既存の太陽光発電の規制を緩和、蓄電池併設とパネル交換・増設ルールが見直しへ
カーボンニュートラル実現に向けて、適正な事業規律の確保と地域社会との共生を前提として、太陽光発電のさらなる導入拡大が期待されている。
2022年度第1四半期の太陽光発電入札においては、平均落札価格はFIT:9.93円/kWh、FIP:9.87円/kWhと、着実な価格低減が進んでいるものの、その応札容量はFIT:25MW、FIP:129MWと、募集容量を大きく下回る状況となっている。
2030年の再エネ比率36~38%を達成するためには、太陽光で毎年5GW~6GW(100万kW)程度の新規認定が必要と試算されているが、適地の減少や度重なる制度変更等により、太陽光発電の認定容量は近年、縮小傾向にある。
そこで資源エネルギー庁の「再エネ大量導入・次世代電力NW小委員会」では、蓄電池の併設や太陽光パネルの増設等に関するルールを変更することにより、既存太陽光設備の有効活用や増出力の促進が検討されている。
蓄電池併設の促進
再エネ電源の市場統合を目的として2022年度からFIP制度が開始されたが、現実的に太陽光や風力といった変動電源が、電力需給バランスや市場価格を意識した行動を取るためには、売電・系統への逆潮流のタイミングをシフトできる蓄電池を併設することが不可欠である。
ところが従来のFIT制度においては、FIT認定後に蓄電池を設置する場合は、過積載分の売電による事後的な国民負担の増加の懸念があるため、調達価格が最新価格へ変更される事由とされている。

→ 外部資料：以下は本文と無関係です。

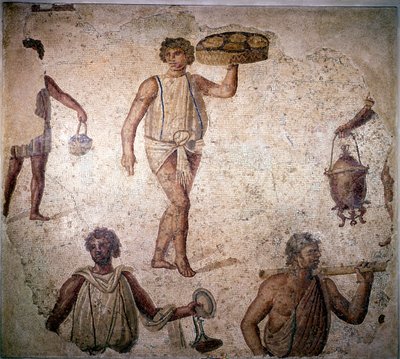 Servos ou escravos fazendo preparativos para uma festa, mosaico, Cartago, século II de Unbekannt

これが蓄電池併設のブレーキの1つとなっていた。
事業用太陽光の過積載率は特に低圧太陽光で顕著であり(平均値179.4%)、高圧以上も140%前後の過積載率となっている。
過積載の場合、PCS容量(kW)を上回るパネル容量(kW)部分による発電量(kWh)は売電することが出来ないが、過積載率175%の太陽光発電ではその逸失電力量kWhは6%程度と試算されている。
仮に昼間帯に発生するこの逸失電力量を蓄電し、点灯帯や夜間に売電するならば、発電事業者は総発電量を増加させることが可能となる。ただし、一般的な蓄電池の充放電ロスは10%程度と言われていることに留意が必要である。